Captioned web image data
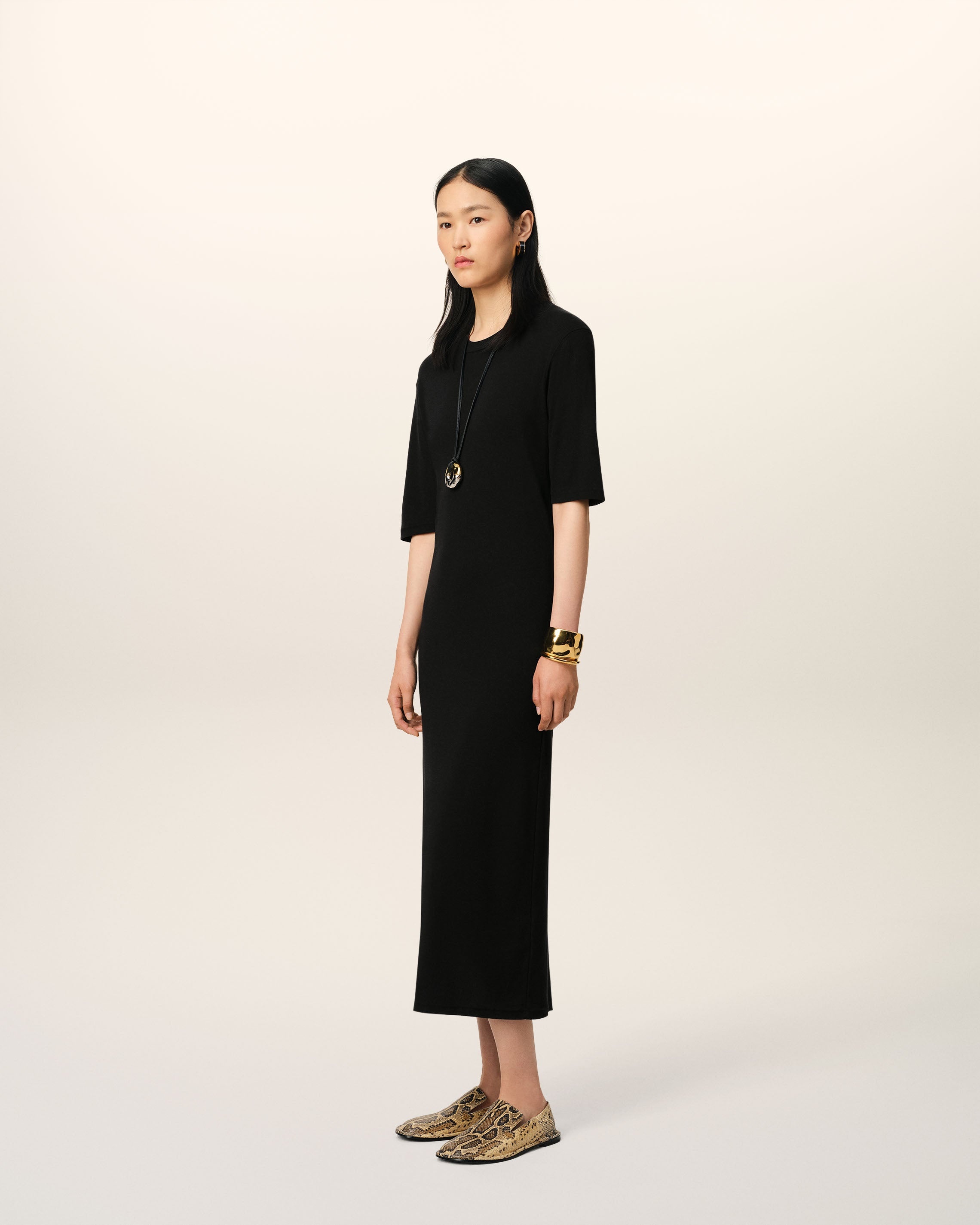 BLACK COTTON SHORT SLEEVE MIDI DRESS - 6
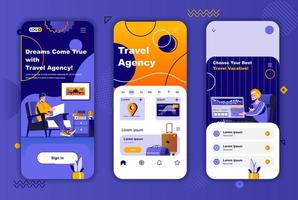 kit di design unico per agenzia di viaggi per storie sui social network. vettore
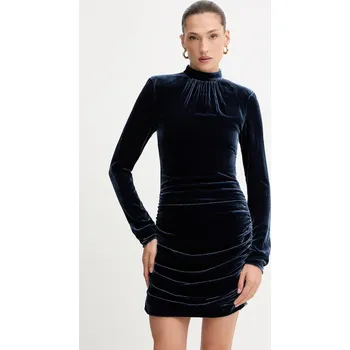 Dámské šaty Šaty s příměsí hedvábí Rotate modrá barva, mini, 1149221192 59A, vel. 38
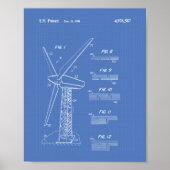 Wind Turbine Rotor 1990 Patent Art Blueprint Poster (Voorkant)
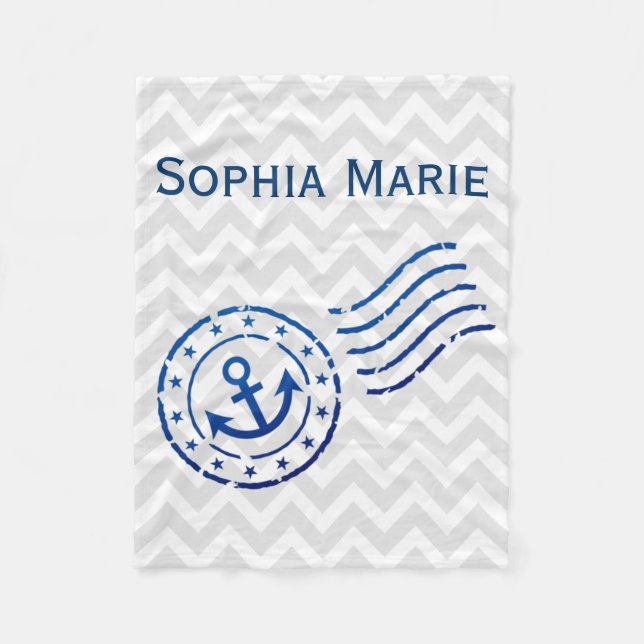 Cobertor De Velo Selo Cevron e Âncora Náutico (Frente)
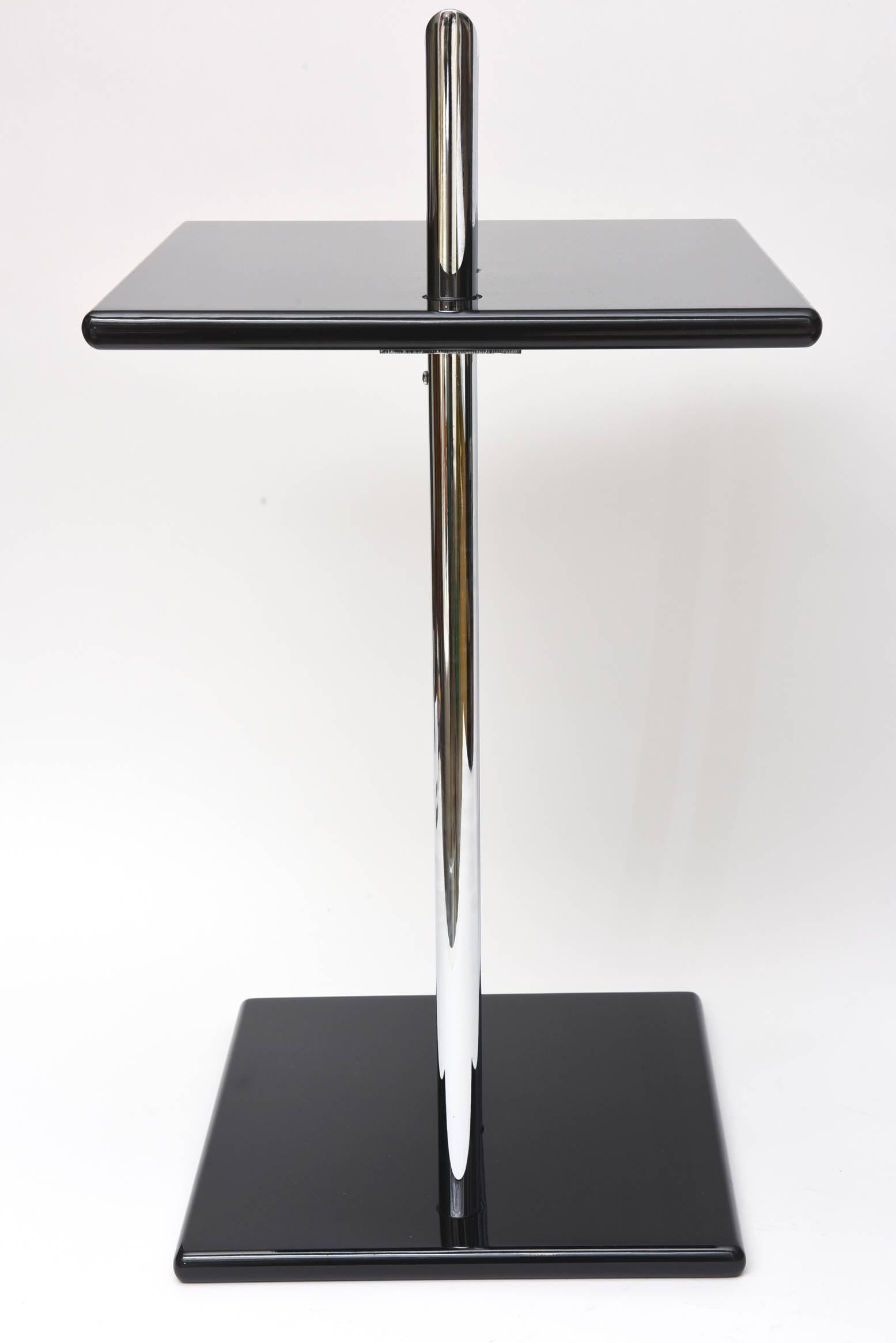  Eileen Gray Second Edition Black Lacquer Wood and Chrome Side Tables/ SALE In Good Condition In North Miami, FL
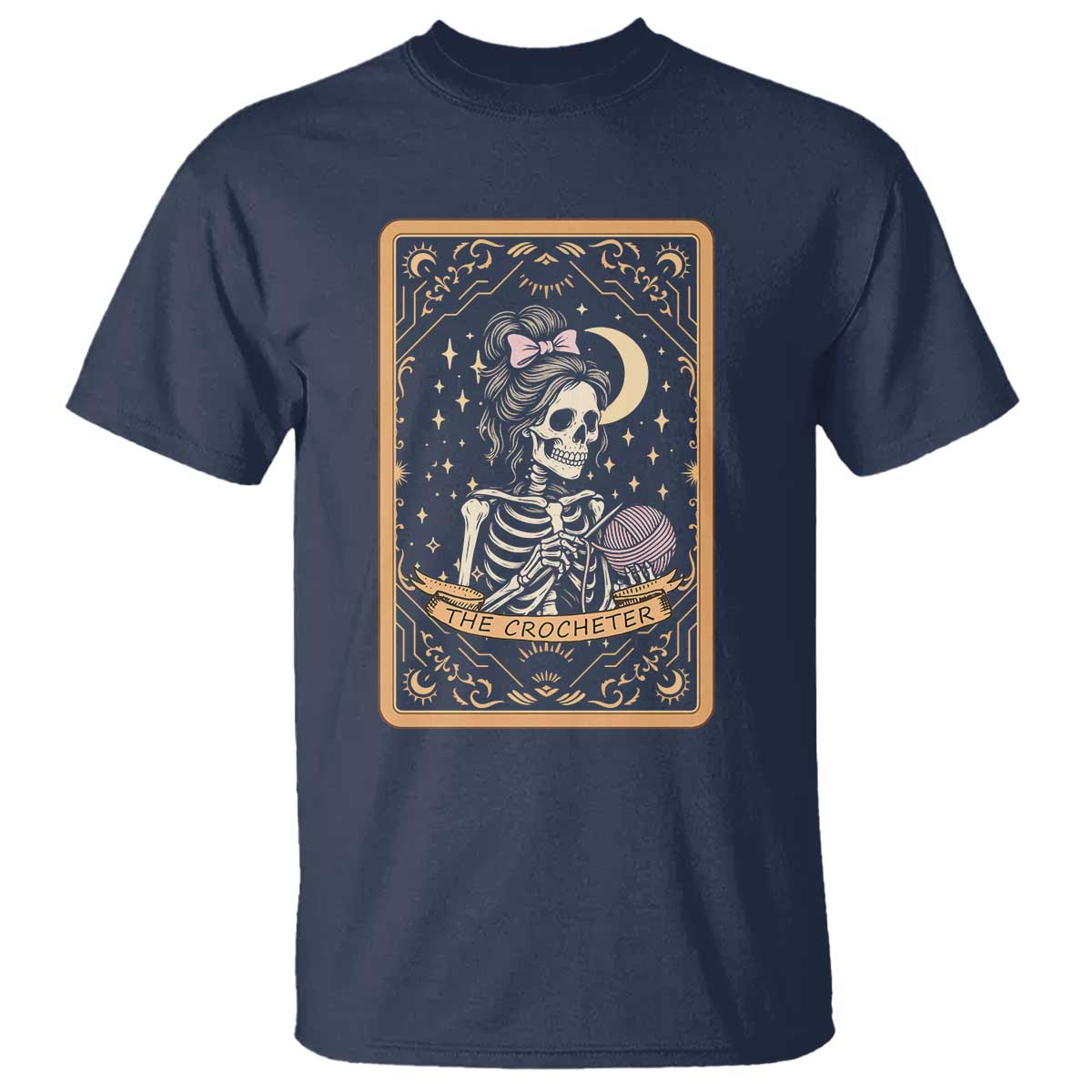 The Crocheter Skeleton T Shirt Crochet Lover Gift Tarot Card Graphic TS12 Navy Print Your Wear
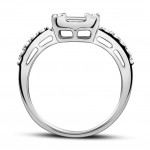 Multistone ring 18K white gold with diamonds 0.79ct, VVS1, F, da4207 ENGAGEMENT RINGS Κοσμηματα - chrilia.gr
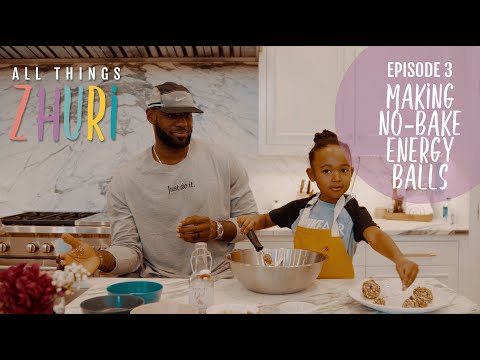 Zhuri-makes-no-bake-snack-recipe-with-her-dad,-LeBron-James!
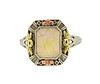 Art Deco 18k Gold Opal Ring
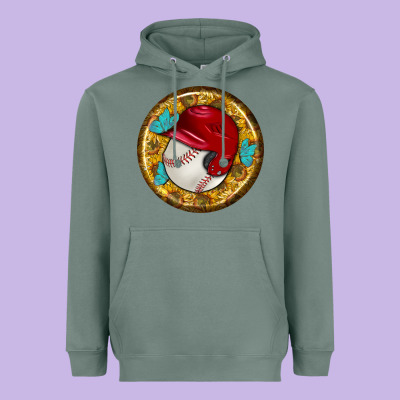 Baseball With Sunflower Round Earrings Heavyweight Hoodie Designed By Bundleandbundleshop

# Exercise objective:
Each record must appear again exactly as written above, without its pictures.

# Your response:
 BLACK COTTON SHORT SLEEVE MIDI DRESS - 6
 kit di design unico per agenzia di viaggi per storie sui social network. vettore
 Dámské šaty Šaty s příměsí hedvábí Rotate modrá barva, mini, 1149221192 59A, vel. 38
 Wind Turbine Rotor 1990 Patent Art Blueprint Poster (Voorkant)
 Cobertor De Velo Selo Cevron e Âncora Náutico (Frente)
  Eileen Gray Second Edition Black Lacquer Wood and Chrome Side Tables/ SALE In Good Condition In North Miami, FL
 The Crocheter Skeleton T Shirt Crochet Lover Gift Tarot Card Graphic TS12 Navy Print Your Wear
 Multistone ring 18K white gold with diamonds 0.79ct, VVS1, F, da4207 ENGAGEMENT RINGS Κοσμηματα - chrilia.gr
 Zhuri-makes-no-bake-snack-recipe-with-her-dad,-LeBron-James!
 Art Deco 18k Gold Opal Ring
 Baseball With Sunflower Round Earrings Heavyweight Hoodie Designed By Bundleandbundleshop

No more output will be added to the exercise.